Output exactly the lines of the listing below that run from the line with "Savon à la framboise" through the line with "Riverside Oval Concrete". No pictures.

• **The records**
----

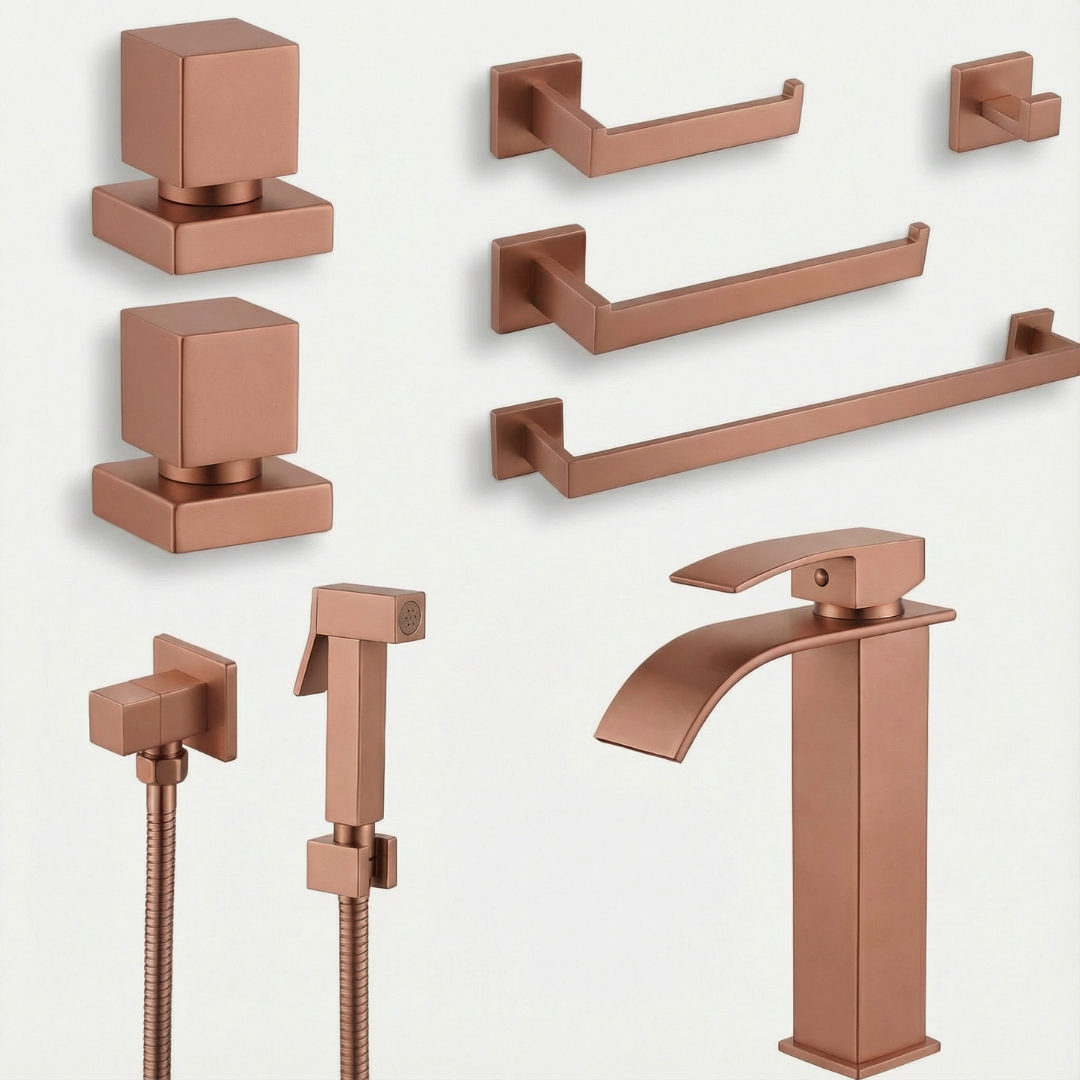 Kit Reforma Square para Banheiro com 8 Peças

----

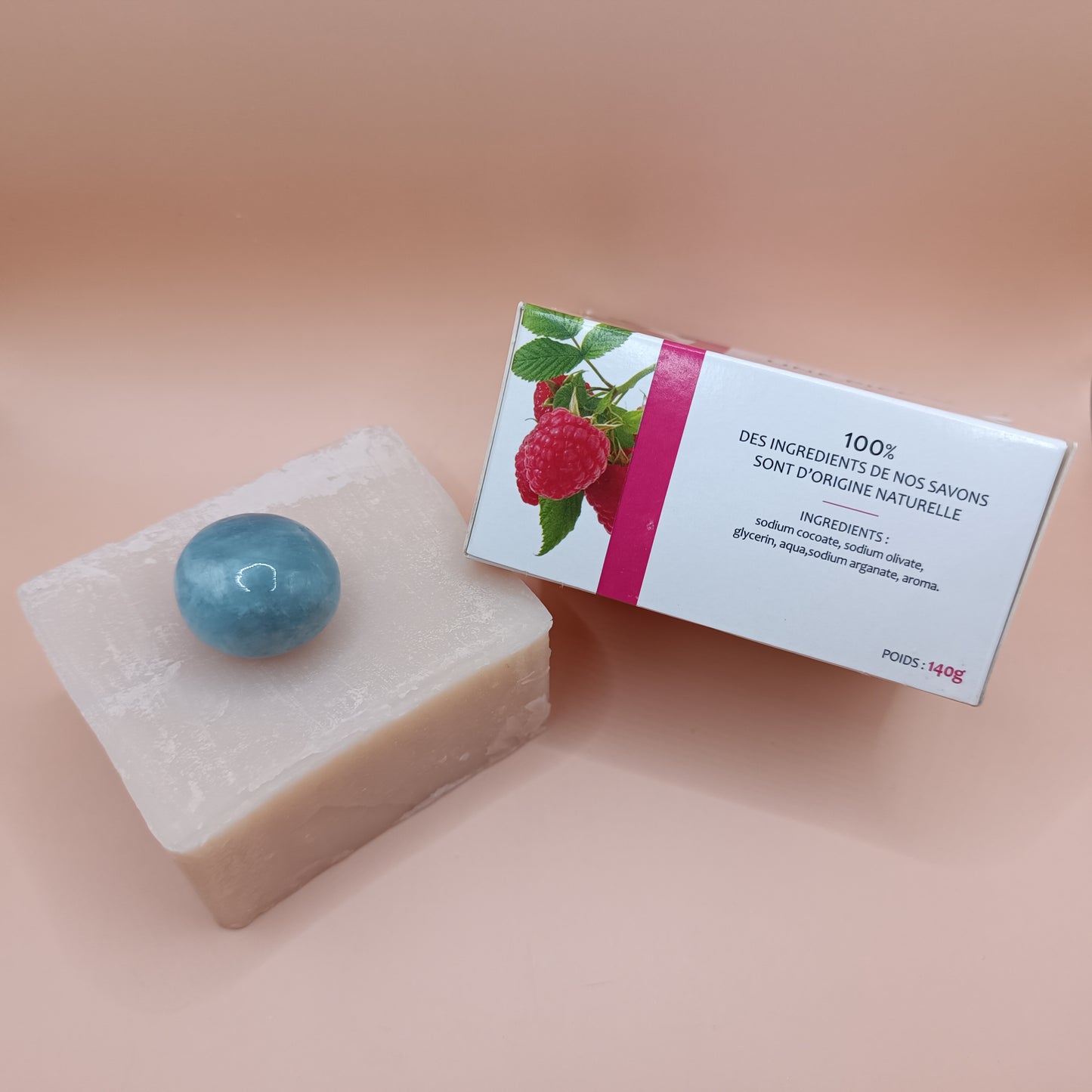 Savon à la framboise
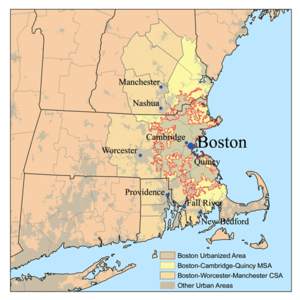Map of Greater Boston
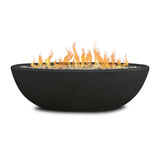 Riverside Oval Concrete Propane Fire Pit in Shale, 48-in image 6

----

• **Problem solution**
 Savon à la framboise
Map of Greater Boston
 Riverside Oval Concrete Propane Fire Pit in Shale, 48-in image 6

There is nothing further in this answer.